A further limitation of this study was that because of the large number of experimental conditions included in the task to create a balanced design, the number of trials per condition was relatively low (44 trials total, with 28 active “influence” trials), and this may not have been optimal for revealing statistically robust effects. Future studies might include either more task runs or fewer conditions, in order to maximize statistical effects and minimize the chance of a Type II error.

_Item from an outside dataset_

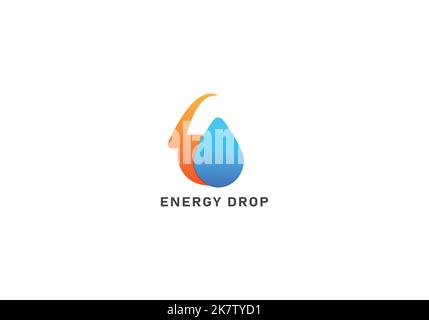 Alternative Vektorvorlage für das Green Energy Flash Logo Water Droplet Design. Aqua Liquid Oil Drop Logo-Symbol. Stock Vektor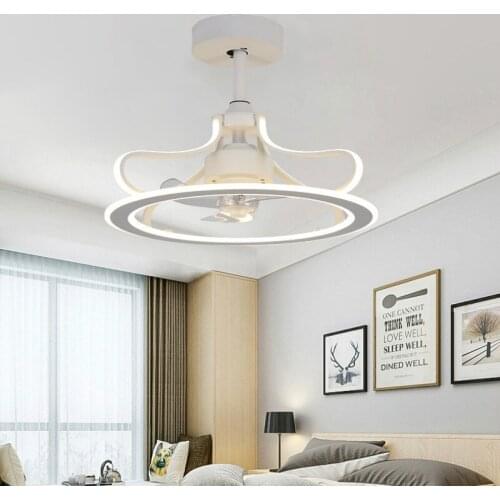 LED Modern Ceiling Fan Light Invisible Bedroom Living Room Ceiling Fan Light Dining Room Celing Fan with Light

An additional limitation is that the criteria for eligibility in the MJ group required only weekly or more frequent use. Though weekly or more frequent use is indicative of a regular pattern of use, studies of heavier users might better capture brain-based correlates of MJ use. Furthermore, though the focus of the present study was on MJ use specifically, young adults using other substances, such as alcohol or nicotine, may show similar brain-based hyperactivity to peer influence. Though alcohol use did not contribute to the results reported in the present study, all of the participants were fairly light drinkers. Future studies could recruit heavy drinkers/cigarette smokers to test whether these individuals also show hypersensitivity in the caudate to peer information, or whether this is an effect of MJ specifically. An additional avenue for research would be to examine the role of educational attainment in susceptibility to influence; in the present study, most participants were currently college students or recent college graduates, but it is possible that in addition to age, level of education could influence susceptibility. Future studies could also examine how different motivations for drug use (e.g., coping, social engagement, etc.) may contribute to different patterns of brain activity underlying social influence and drug use.

Finally, this study cannot detect whether increased neural activation to influence is a cause or an effect of drug use. Several possible explanations could account for the relationship between MJ use and susceptibility to social influence: (1) Increased susceptibility to social influence may be a trait that reflects a preexisting risk for initiation of MJ use; (2) susceptibility to social influence may have developed as a result of MJ exposure, due to disruption to the neurodevelopmental processes underlying social processing; (3) a third variable, such as striatal reactivity, may be responsible for giving rise to both MJ use and susceptibility to social influence; or (4) some combination of the explanations above may be responsible for the relationship between MJ use and susceptibility to social influence. Although the present study cannot differentiate among these explanations, it may help researchers develop hypotheses for future work addressing causality.

Identifying brain regions that differ in response to social influence may influence treatments such as lifestyle management, which could encourage MJ users to find alternative positive reinforcement in the natural environment. Many studies have shown that social network support is a critical factor in promoting healthier lifestyle behaviors, in addition to ongoing abstinence (e.g., Bond, Kaskutas, & Weisner, 2003; Kaskutas, Bond, & Humphreys, 2002). If marijuana users are indeed more susceptible to peer influence, future studies could investigate whether positive peer influences may be particularly effective as an intervention in this group.